Policies harm spiritual, emotional and physical well-being of millions
Religious leaders have fought to end slavery, segregation and denying women the right to vote. They have championed labor laws, affordable housing and national health insurance. Yet the voices of faith today are silent against the unjust gain of the credit card industry.
Bank policies along with credit bureaus and collection agencies are harming the spiritual, emotional and physical well-being of millions of people.
It is legal in the United States to charge 79.9 percent interest on a credit card. Usury laws no longer exist. Some argue that it is a person’s choice to have credit cards with interest at 21 percent, 29 percent or higher. Indebtedness is the fault of the card holder.
There is a veneer of legitimacy in this Darwinian logic. Independent of people not fully understanding the impact such an interest rate has on the household budget; however, there is the broader issue that plastic is the primary way to establish a credit score. Absent a credit history, functioning in modern society becomes difficult. This rigged system inevitably leads many to live with crushing debt.
According to one psychologist, up to 16 million Americans suffer from physical or emotional stress from consumer debt. It can lead to divorce, suicide, insomnia, anxiety, chronic headaches, stomach disorders, alcohol abuse and contribute to heart disease. A May Associated Press-GfK poll found that 46 percent of Americans surveyed described debt stress as a “great deal” or that they were stressed “quite a bit.”
Americans tend to feel a sense of shame that they’re in debt, even though surveys show that one out of three families uses credit cards to help cover basic living expenses.

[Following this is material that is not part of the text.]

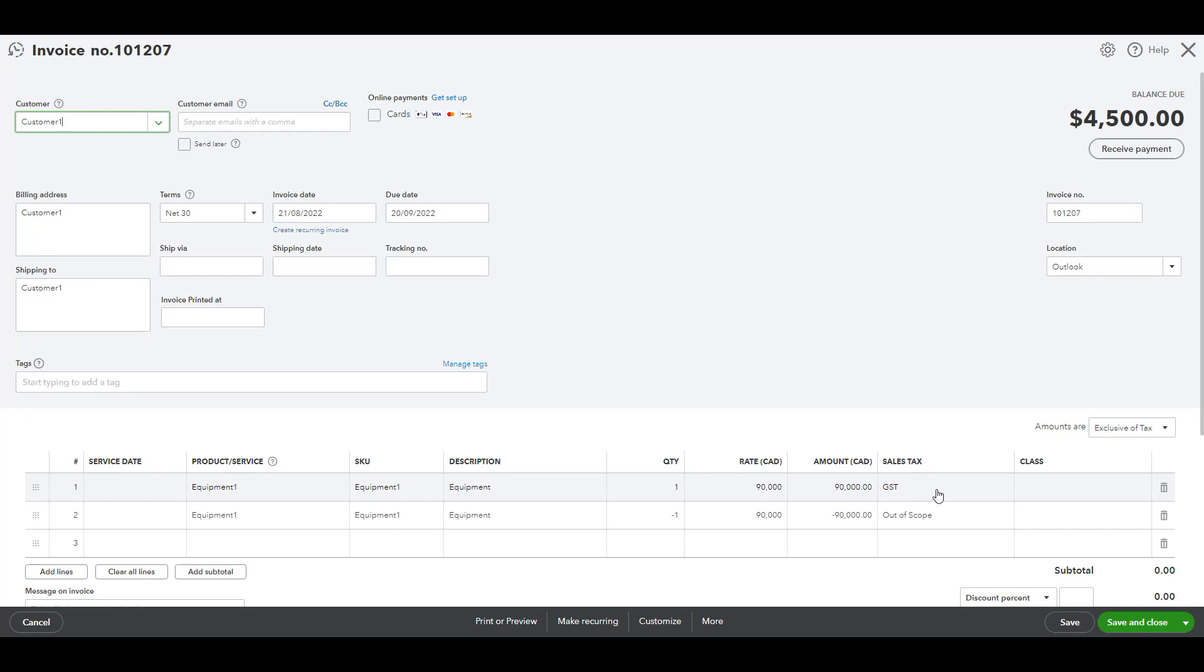Then, in the next line, I'll put the same product and its quantity in a negative value and choose the tax rate as out of scope.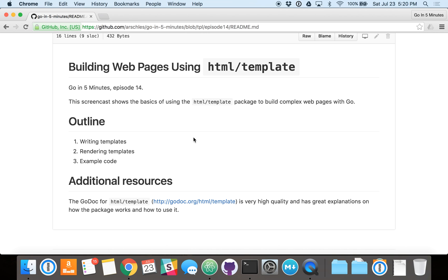Okay, everybody. Welcome to Go in 5 Minutes, Episode 14. Today we're going to talk about building webpages using the Go Standard Library's HTML template package. We're going to start by learning a little bit about how to write templates, and then we're going to dive into some code that shows how to render those templates and then pass dynamic data into them so that they can be output to a client.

Citizens have been conditioned to think that if they haven’t succeeded at living the American dream, it’s their fault.
In this recession, 6.4 million Americans have been unemployed for six months or more. In February, there were more than 15 million unemployed Americans. Credit card bills can’t be paid. This will directly impact credit scores.
A poor credit score can deny someone employment, a mortgage, rental housing and student loans. A yet-to-be recognized human rights problem exists. In 2007, 35 percent of employers used credit scores to assess a candidate’s qualifications, according to Ben Arnoldy, a Christian Science Monitor reporter who has written about credit checks as a civil rights issue. Another journalist, John Schoen of MSNBC, recently wrote about a survey of 100 employers by the Society of Human Resource Management that found 60 percent of respondents used credit histories to determine employment suitability.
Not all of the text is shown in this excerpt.